● Task to carry out: Write out, please, the lines from the beginning of the material to the line with "a bedroom with a bed and a dresser in it", including both ends and nothing else.

_ _ _ _

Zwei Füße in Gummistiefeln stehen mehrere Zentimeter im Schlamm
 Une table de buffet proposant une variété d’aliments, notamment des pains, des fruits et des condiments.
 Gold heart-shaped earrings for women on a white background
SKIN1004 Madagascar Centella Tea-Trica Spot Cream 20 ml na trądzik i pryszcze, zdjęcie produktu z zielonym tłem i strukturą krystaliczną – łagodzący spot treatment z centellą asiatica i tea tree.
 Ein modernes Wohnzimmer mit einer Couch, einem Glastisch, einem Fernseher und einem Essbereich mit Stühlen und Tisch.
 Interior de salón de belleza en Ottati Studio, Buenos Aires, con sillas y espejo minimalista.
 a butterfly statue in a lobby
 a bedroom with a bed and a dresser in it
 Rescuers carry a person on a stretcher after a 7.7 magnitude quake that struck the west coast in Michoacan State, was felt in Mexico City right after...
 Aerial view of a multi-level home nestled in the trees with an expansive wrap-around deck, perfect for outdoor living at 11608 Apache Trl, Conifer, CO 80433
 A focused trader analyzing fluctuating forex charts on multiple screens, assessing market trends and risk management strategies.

_ _ _ _

● Result below:
Zwei Füße in Gummistiefeln stehen mehrere Zentimeter im Schlamm
 Une table de buffet proposant une variété d’aliments, notamment des pains, des fruits et des condiments.
 Gold heart-shaped earrings for women on a white background
SKIN1004 Madagascar Centella Tea-Trica Spot Cream 20 ml na trądzik i pryszcze, zdjęcie produktu z zielonym tłem i strukturą krystaliczną – łagodzący spot treatment z centellą asiatica i tea tree.
 Ein modernes Wohnzimmer mit einer Couch, einem Glastisch, einem Fernseher und einem Essbereich mit Stühlen und Tisch.
 Interior de salón de belleza en Ottati Studio, Buenos Aires, con sillas y espejo minimalista.
 a butterfly statue in a lobby
 a bedroom with a bed and a dresser in it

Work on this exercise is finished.